Datasets for Planning Online Advertising Using Gini Indices

Please cite the following paper if you use these datasets:

There are two batches of data.  Each batch is contained in a separate zip file.  Within each zip file, you will find multiple CSV files (one per instance used in the paper).

  • GINI_SMALL.zip (81KB) – These files pertain to the data described in Section 5.1 (“Data Instances”) of the paper, and referenced by Table 2.  They were all generated with 20 campaigns and 100 viewer types (hence the common file prefix 20C100V).  Note that sometimes two or more campaigns or viewer types that have the same targeting in the bipartite graph are merged in a post-processing step, resulting in slightly fewer than 20 campaigns and 100 viewer types in some instances.  TC0001 through TC0010 refer to the ten test cases that were analyzed for each type of instance (Loose, Globally Tight, Locally Tight) in Sections 5.2-5.5 of the paper.
  • GINI_LARGE.zip (216KB) – These files pertain to the data described in Section 6.5 (“Computational Results”) of the paper, and referenced by Tables 4 and 5.  As indicated in Table 5, there are three instance sizes: small is 100C100V, medium is 100C200V, and large is 100C500V, where the code xCyV denotes an instance generated with x campaigns and y viewer types.
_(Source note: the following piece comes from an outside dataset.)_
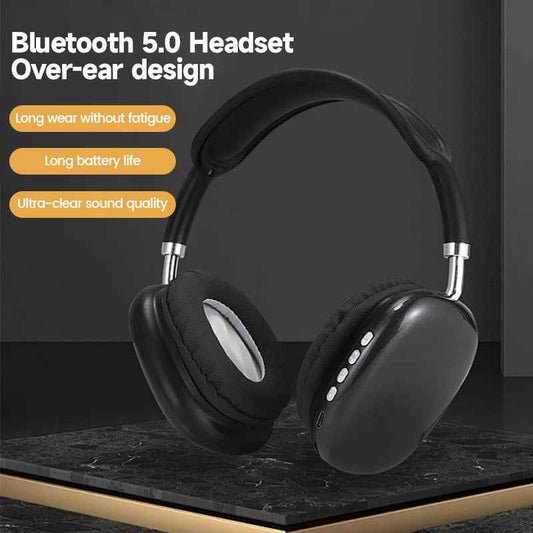 P9 Wireless Bluetooth Headset with Mic | Noise Cancelling Sports & Gaming Earbuds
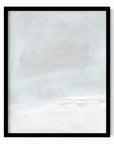 Horizon Blush 2 fine art wall print framed in black oak by NLS Design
Both batches of data are similar, in that they contain the following three files for each instance:

  • CAMPAIGN.CSV – Contains key campaign-related data.  The fields (in order) are the campaign identifier (paper notation: j), the impression goal (paper notation: demand d_j), and the shortfall penalty (paper notation: p_j).
  • VIEWERTYPE.CSV – Contains key audience segment-related data.  The fields (in order) are the audience segment identifier (paper notation: i), and the supply measured in impressions (paper notation: s_j)
  • TARGETING.CSV – Provides a list of (audience segment, campaign) pairs whose links in the underlying bipartite graph define the targeting of all campaigns in the instance.  The fields (in order) are the audience segment identifier (paper notation: i), the campaign identifier (paper notation: j), and finally a dummy column of all 1’s (to indicate the presence of a link in the bipartite graph).

In addition, the small batch used in Section 5.1 of the paper has a fourth file per instance:

  • SLACKPRICE.CSV – Contains additional audience segment-related data used to define the outside option price, as described in Section 5.5 and illustrated in Figure 7.  The fields (in order) are the audience segment identifier (paper notation: i), and the price of selling these impressions to an outside option (paper notation: \tilde{\beta_i}).

Notes:

  • Floating point quantities may be expressed using scientific notation, i.e., 2.80512E3 is equivalent to 2805.12.